5 min readDec 27, 2023

--

“Without big data, you are blind and deaf and in the middle of a freeway.” — Geoffrey Moore

In today’s digital era, data-driven decision-making is paramount for businesses seeking to optimize their revenue streams. Yelp, a popular platform for business reviews and user-generated content, is no exception. Yelp primarily generates revenue through a Cost-Per-Click (CPC) model, which charges businesses for every click their ad receives on the platform. To enhance this revenue model, we can leverage Yelp’s extensive dataset, which includes detailed information about businesses, user reviews, and user interactions.

Photo by Eaters Collective on Unsplash

Understanding Yelp’s Revenue Model: CPC

Cost-per-click (CPC) is a digital advertising model where advertisers pay a fee each time their ad is clicked. This model benefits businesses by ensuring they only pay for actual engagement rather than mere ad views. For Yelp, this translates into revenue generated from local businesses eager to attract potential customers.

The Yelp Dataset: A Treasure Trove of Information

The Yelp dataset is a comprehensive collection of over 9GB of user reviews, business details, and user information. This dataset is valuable for deriving insights that can drive targeted advertising strategies.

Data sources description image by Author

Enhancing Revenue: The Big Data Strategy

Developing a Dashboard for Business Category Analysis

To utilize the Yelp dataset effectively, I developed a dashboard based on Streamlit that focuses on analyzing business categories. This dashboard enables us to:

  • Identify the most popular and trending business categories.
  • Understand user demographics and preferences related to these categories.
  • Track user engagement and interaction patterns with different businesses.

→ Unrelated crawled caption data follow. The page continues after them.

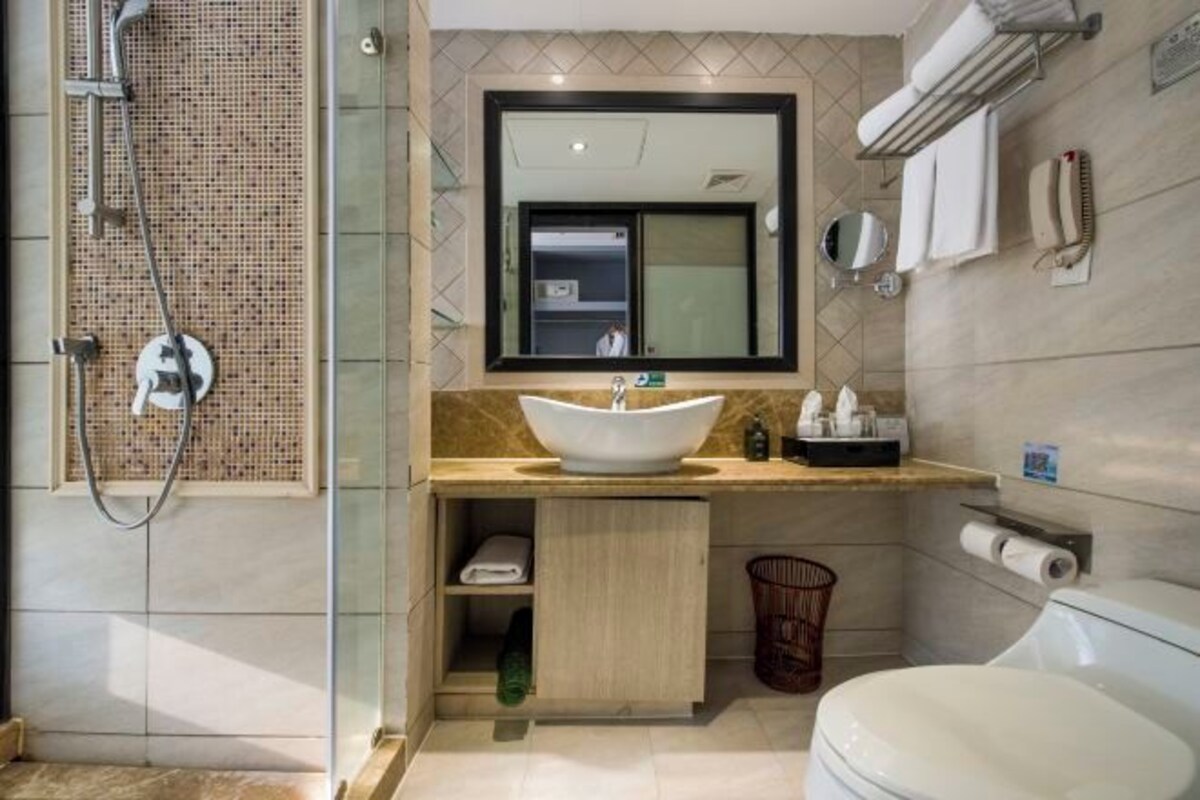 Un baño moderno con un lavamanos grande, un espejo, una ducha y un inodoro.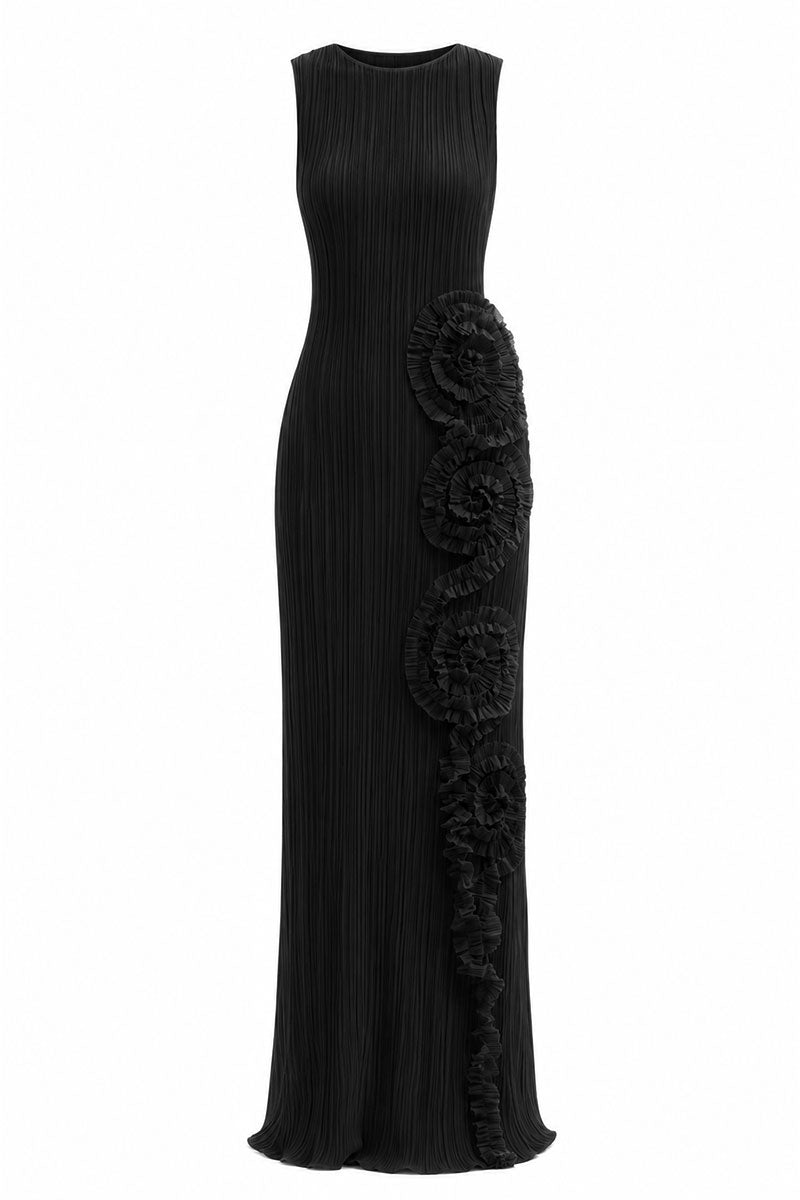 Black Costa Clara maxi dress by Maylé Vásquez, flowing fabric and elegant design, shown on a model.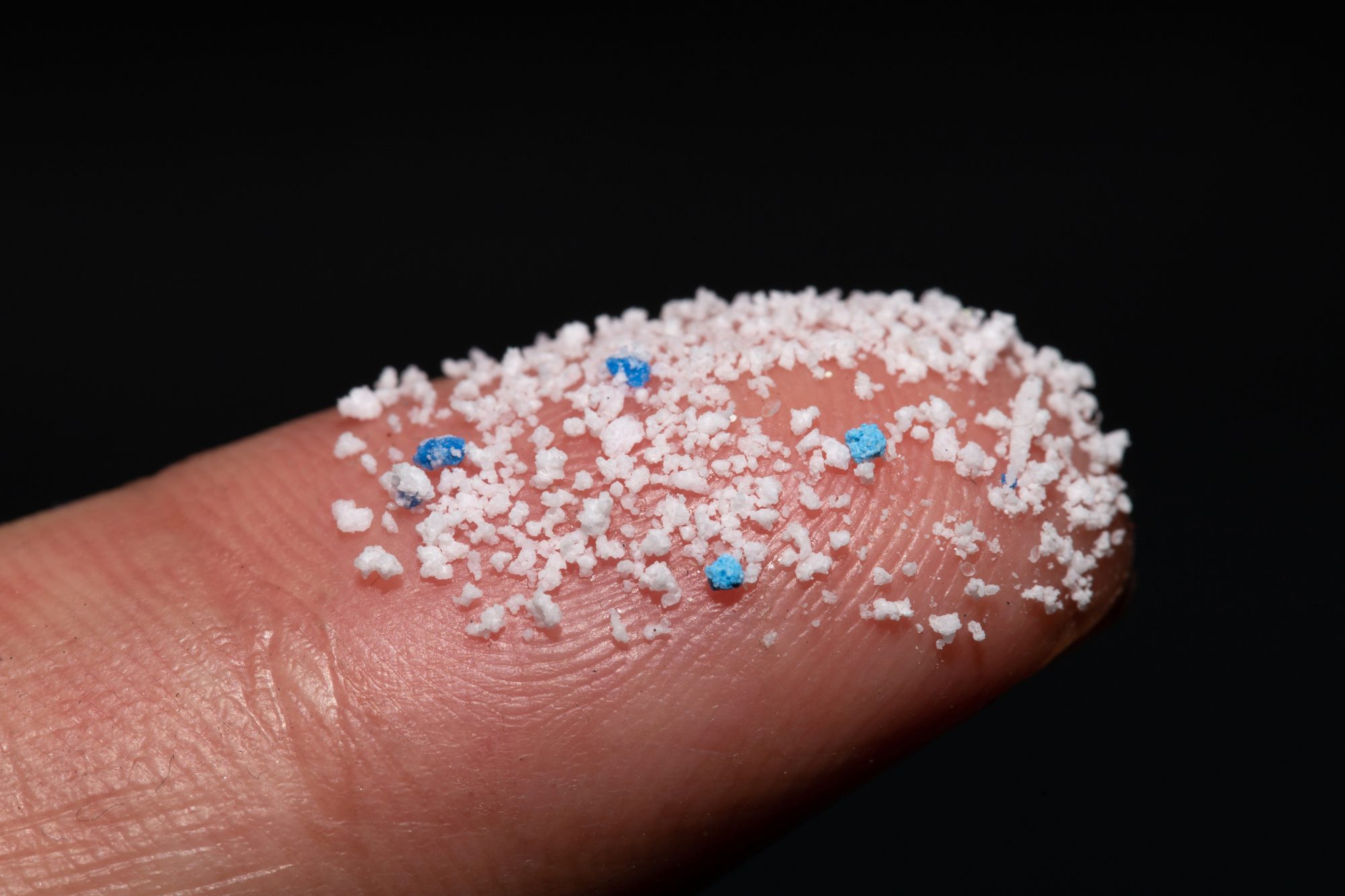 Small Plastic pellets on the finger. Micro plastics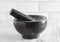 Black Stone Mortar and Pestle on a Marble Countertop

Creating a Big Data Ecosystem

Given the volume of the Yelp dataset, a robust big data ecosystem is essential. My first step was to create a Docker compose setup for the Big Data project. This setup includes:

  • Hadoop HDFS: A scalable and fault-tolerant storage system for handling large volumes of data.
  • Jupyter Notebook with PySpark: An interactive environment for data processing and analysis using PySpark, which offers the capability to handle big data in a distributed manner.
  • Hive: A data warehousing solution that provides a SQL-like interface for querying large datasets.
  • Apache Hue: A web-based interface for easier interaction with the Hadoop ecosystem.
docker-compose services, image by author

Preparing the Docker Compose ingredients

To prepare the docker-compose, I followed my last post on how to create a docker-compose for PostgreSQL. In this case, I went even further and created a docker-compose for my Big Data project.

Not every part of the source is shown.